◆ **What to work on**
Beginning with the line that contains "How to build" and ending with the line that contains "This Is My Human", reproduce the lines of the entries below exactly, omitting pictures.

◆ **Data records**
↓↓↓
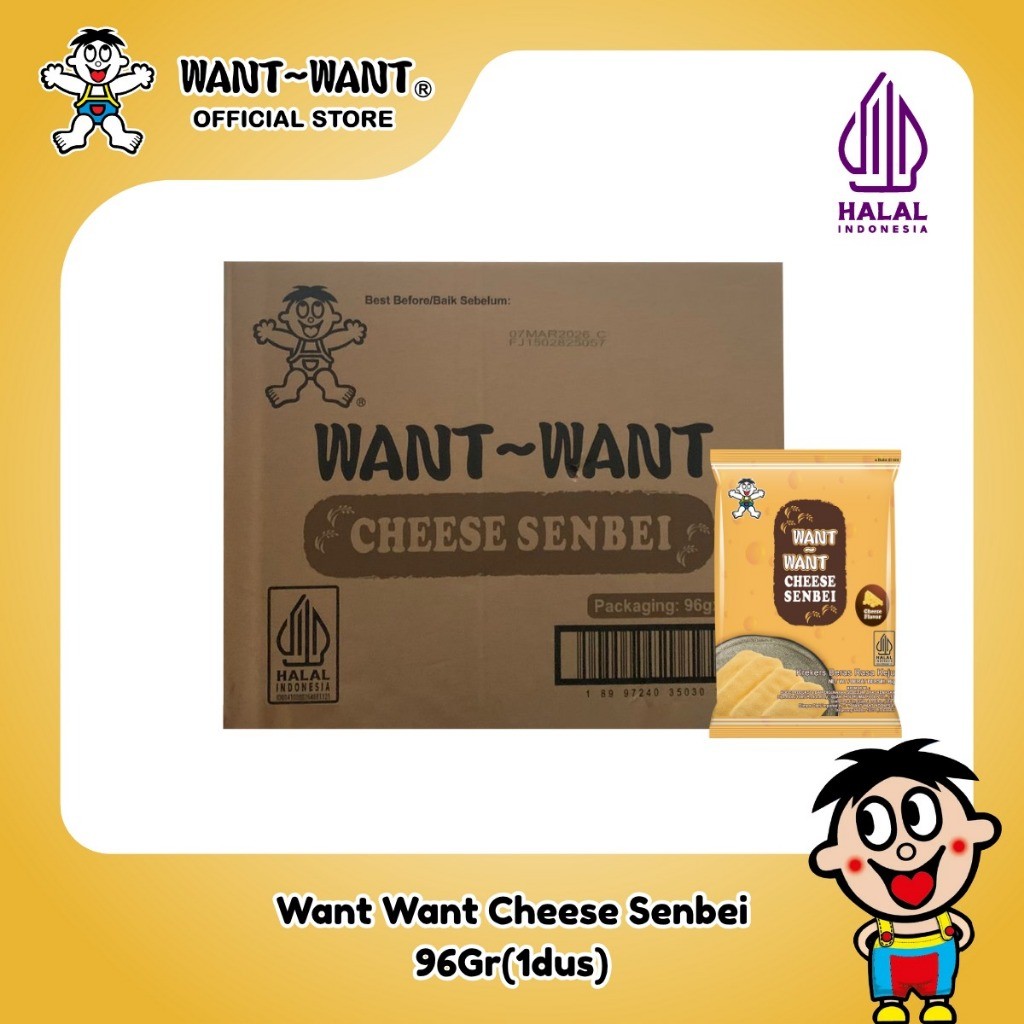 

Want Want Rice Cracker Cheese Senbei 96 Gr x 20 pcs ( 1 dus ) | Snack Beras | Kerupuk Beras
↑↑↑
↓↓↓
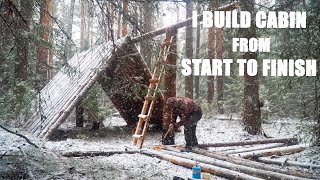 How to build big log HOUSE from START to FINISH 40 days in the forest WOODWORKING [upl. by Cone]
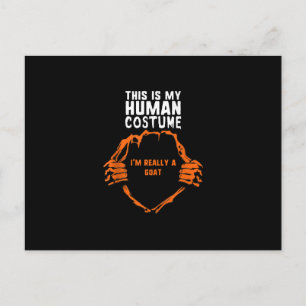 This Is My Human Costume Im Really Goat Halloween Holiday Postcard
↑↑↑
◆ **Output for this exercise**
 How to build big log HOUSE from START to FINISH 40 days in the forest WOODWORKING [upl. by Cone]
 This Is My Human Costume Im Really Goat Halloween Holiday Postcard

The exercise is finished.